Le tribunal a donné raison
à la société Pere-Noel.fr, en annulant la marque Pere-Noel.com
déposée par la société Aricia, mais aussi à MM. de Repaire
et de Montesquiou, en annulant les marques Pere-Noel.com
et Pere-Noel.fr. de la société Pere-Noel.fr.
La société Aricia soutenait
que la raison sociale de société Pere-Noel.fr violait
ses droits, créant un risque de confusion entre les
deux entreprises. La société Pere-Noel.fr ne pouvait
défendre sa raison sociale face à la marque Pere-Noel.com
déposée par la société Aricia, cette raison sociale
ayant été elle-même acquise en violation des droits
conférés à la société Aricia par sa réservation du nom
de domaine avant l'immatriculation. Nul ne peut, en
effet, se créer un droit en violant les droits d'autrui.

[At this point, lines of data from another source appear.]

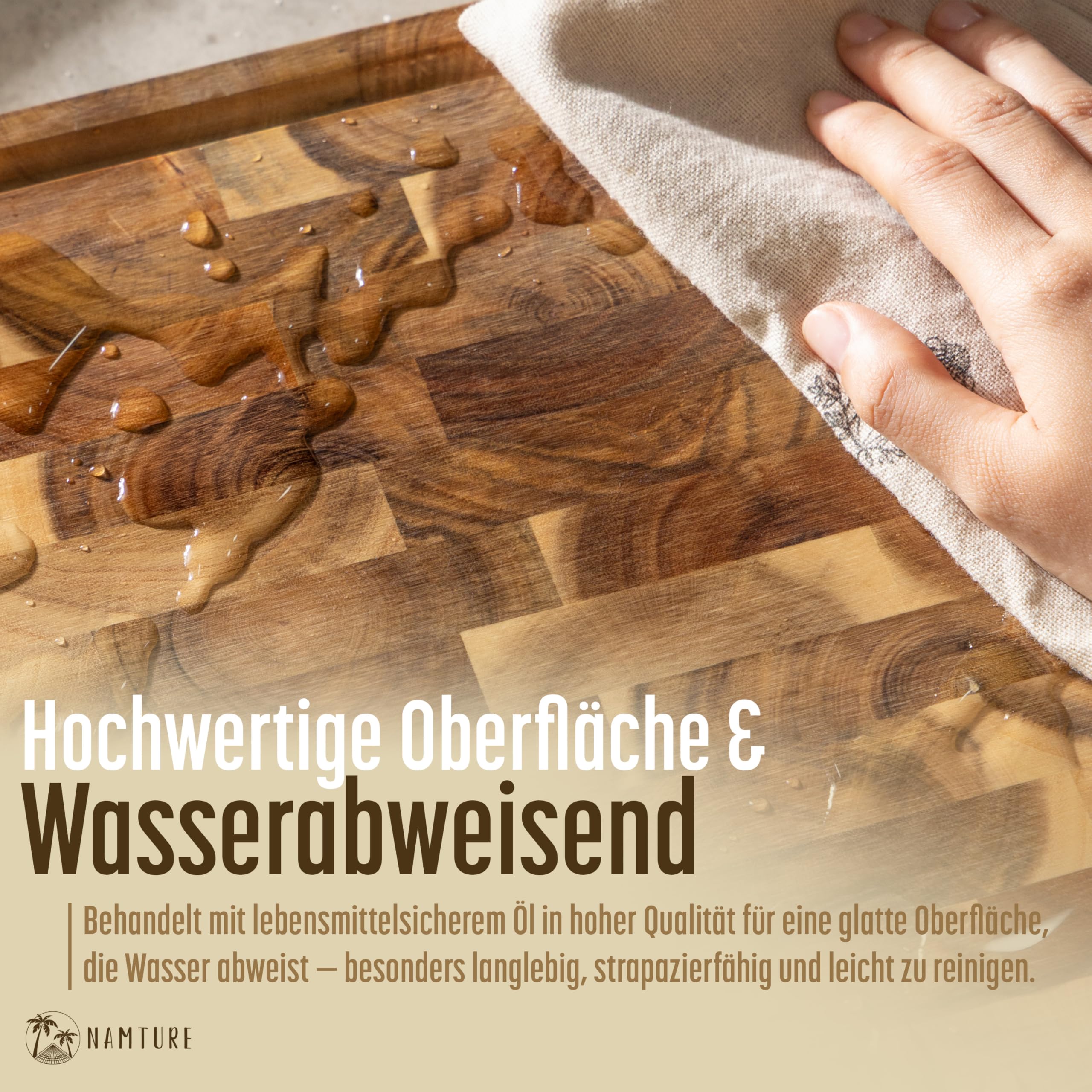 Namture Akazienholz Schneidebrett – 2,5 Cm Stark, Mit Saftrille & Anti-Rutschfüßen – 33×24 Cm, Messerschonend Und Sofort Nutzbar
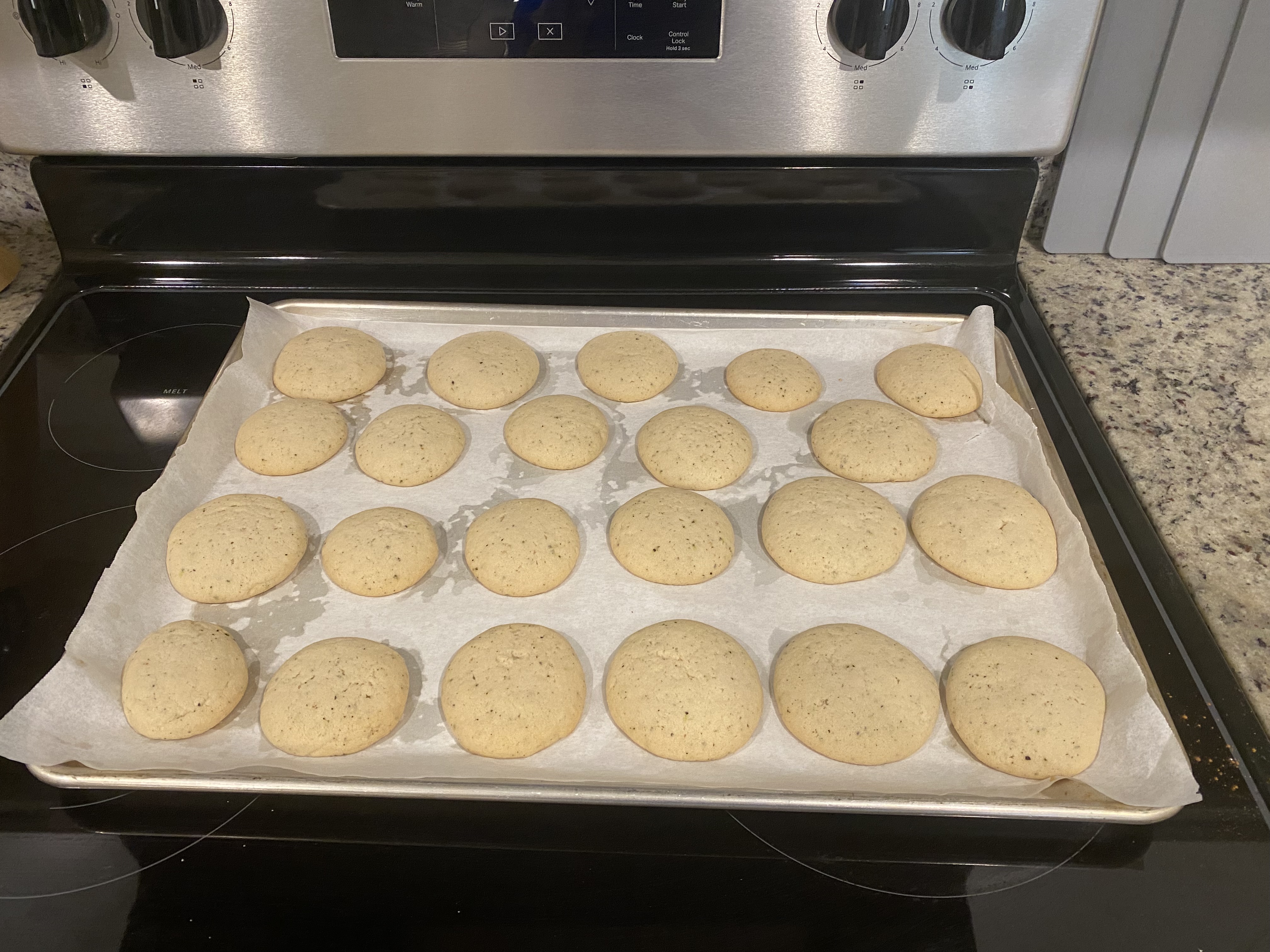 Cookies out of the oven (part of recipe walk through)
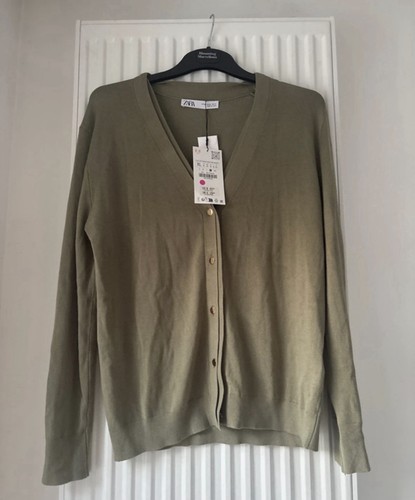 Zara khaki button cardigan - khaki,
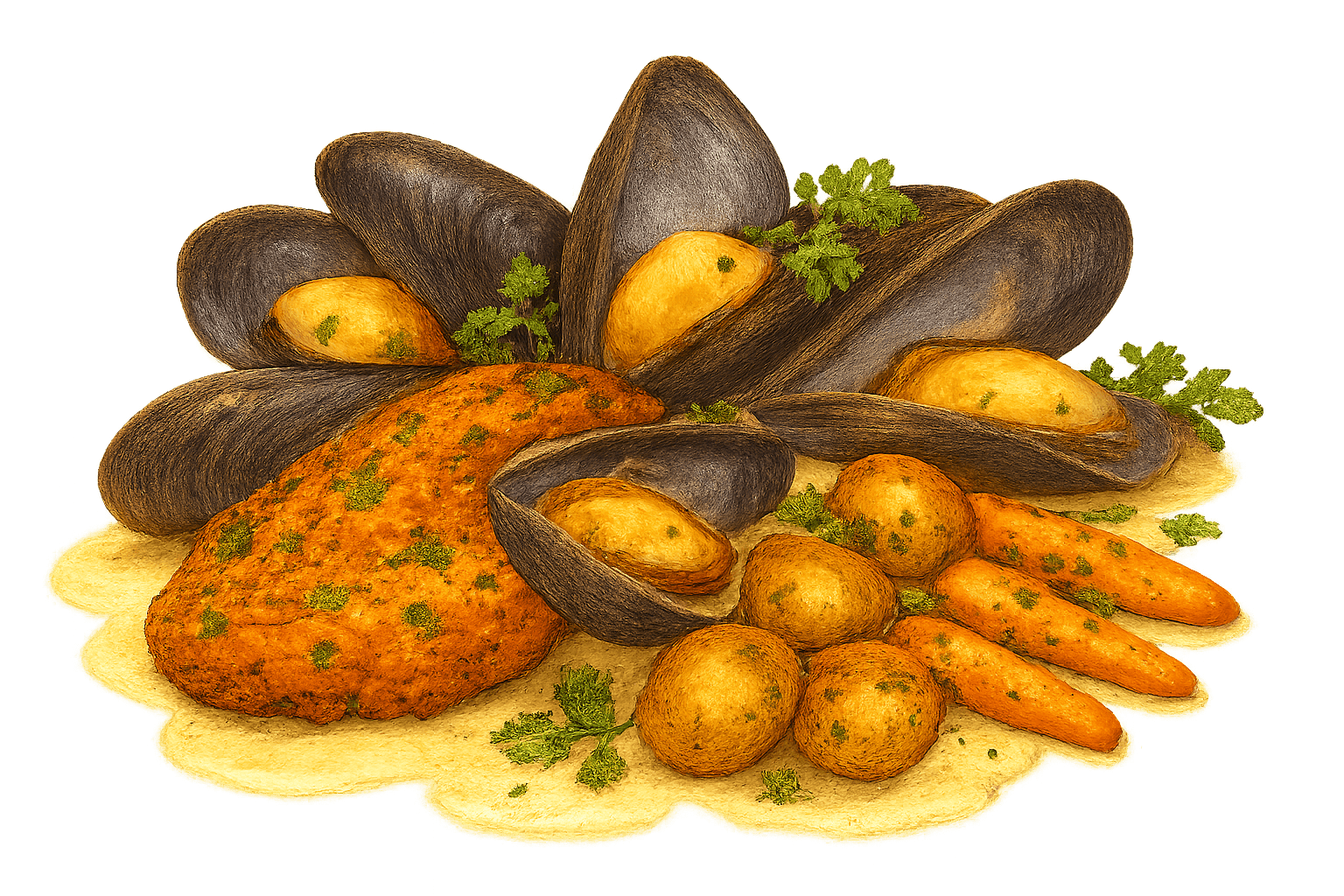 Fresh mussels in a creamy coconut broth with aromatic lemongrass, ginger, and garlic, garnished with fresh cilantro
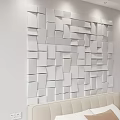 White 3D Geometric Block Wall Design in Modern Bedroom with Bedhead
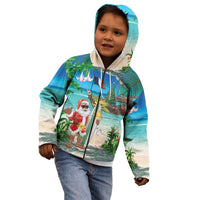 Mayotte Christmas Kid Hoodie Santa Chill on Tropical Beach - Wonder Print Shop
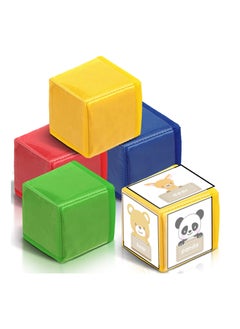 4PCS Large DIY Education Game Dice, Infant Early Education Foam Blocks Educational Playing Dice Foam Blocks DIY Large Game Dice with Pockets Soft Stacking Blocks Toys Photo Child (4.72 Inch)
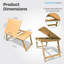 MantraRaj Bamboo Lapdesk Foldable Laptop Stand Bed Table Serving Breakfast Tray Adjustable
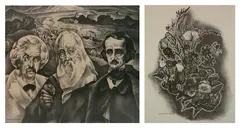 William Schwartz, - ''Twain, Whitman and Poe''; '', Lithograph #25''- 2 lithographs, ca. 1930, one is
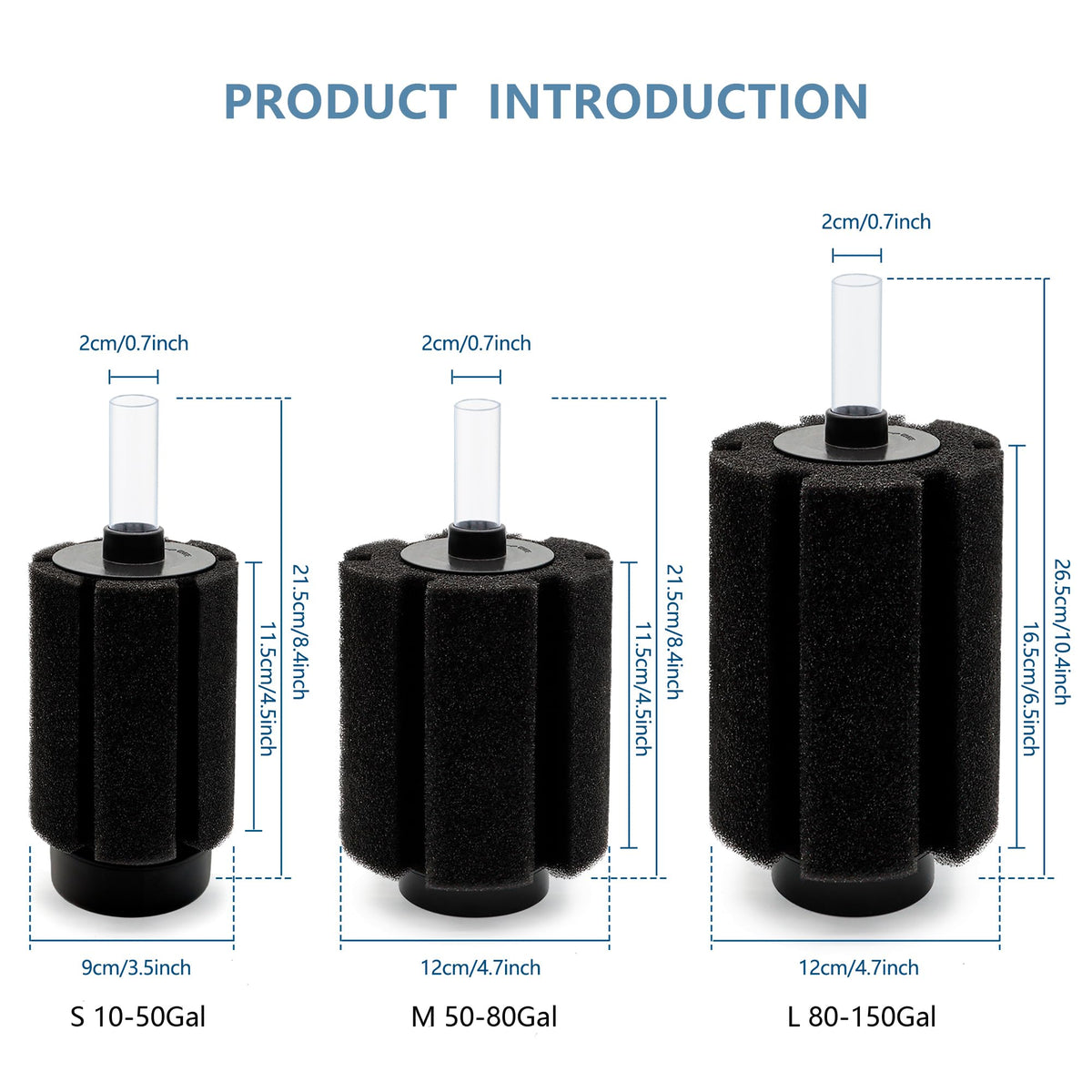 70 80 Gal Aquarium Sponge Filter with Air Stone Ceramic - DVHEY Official Imagery - 7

Le tribunal estime que "cette
marque (la marque Pere-Noel.com déposée par la société
Aricia) est la reproduction identique dans son élément
distinctif "pere-noel" et quasi identique dans sa globalité
de la raison sociale de la Pere-Noel.fr ". Il ajoute
que "la société Aricia ne saurait être titulaire d'un
nom de domaine antérieur à la marque Pere-Noel.com,
enregistré le 20 juillet 1998, dès lors qu'elle n'en
est plus détentrice pour l'avoir cédé le 14 avril 2000
à Messieurs de Repaire et de Montesquiou.". Pourtant,
pour apprécier si l'expression "pere-noel" pouvait être
utilisée dans la raison sociale de la société Pere-Noel.fr,
il faut se placer à la date de son immatriculation.
Or, au 30 juin 1999, la société Aricia était bien titulaire
du nom de domaine Pere-Noel.com. Que ce nom de domaine
ait été ensuite cédé ne diminue en rien les droits de
la société Aricia avant cession.
Il aurait fallu contester l'existence
de droits de la société Aricia, du fait de la non-exploitation
de son nom de domaine, pour poursuivre l'annulation
de la marque. Réservation ne signifie pas exploitation.
L'exploitation du nom de domaine implique qu'un site
Web soit ouvert sous ce nom et fonctionne réellement,
viennent d'affirmer deux récents jugements (TGI Paris,
9/7/ 2002 et TGI Nanterre, 4/11/2002). Si la société
Aricia avait exploité un site Internet sous le nom de
domaine Pere-Noel.com avant immatriculation de la raison
sociale Pere-Noel.fr, elle aurait pu invoquer ses droits
sur l'expression "pere-noel" et demander d'interdire
à la société Pere-Noel.fr d'utiliser cette expression
dans sa raison sociale, ses noms de domaine ou ses marques.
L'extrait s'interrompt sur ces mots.